Stored data:

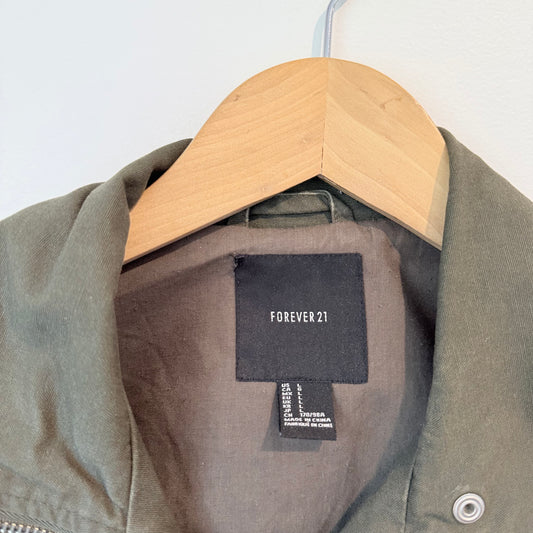 Forever 21 Size L Olive Green Utility Vest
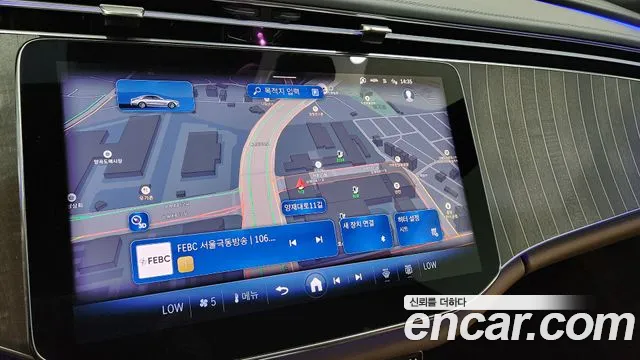 Mercedes-Benz E-Class — Фото автомобиля 16
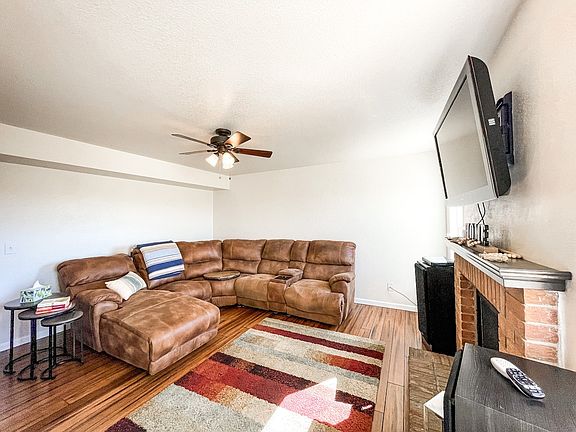 Living Room 1

Cozy up in one of the two living rooms, equipped with a gas fireplace and Smart TV!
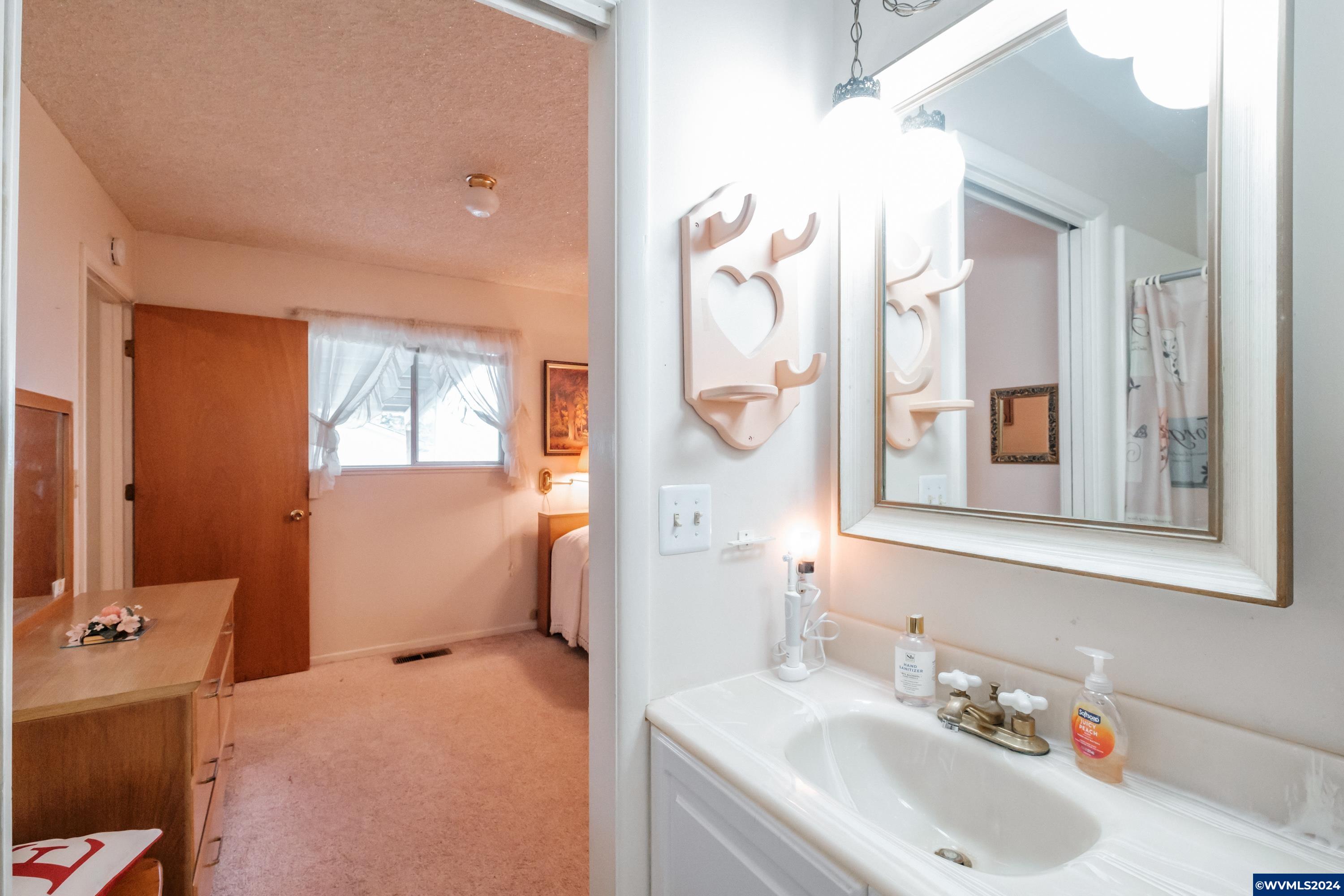 28436 Liberty Road Sweet Home, OR 97386 - Photo 23 of 42 Gallery Image 23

Exercise details:
Starting at the line that contains "Living Room 1", transcribe every line through the end of the listing exactly, including both end lines and excluding pictures.

Finished exercise:
 Living Room 1

Cozy up in one of the two living rooms, equipped with a gas fireplace and Smart TV!
 28436 Liberty Road Sweet Home, OR 97386 - Photo 23 of 42 Gallery Image 23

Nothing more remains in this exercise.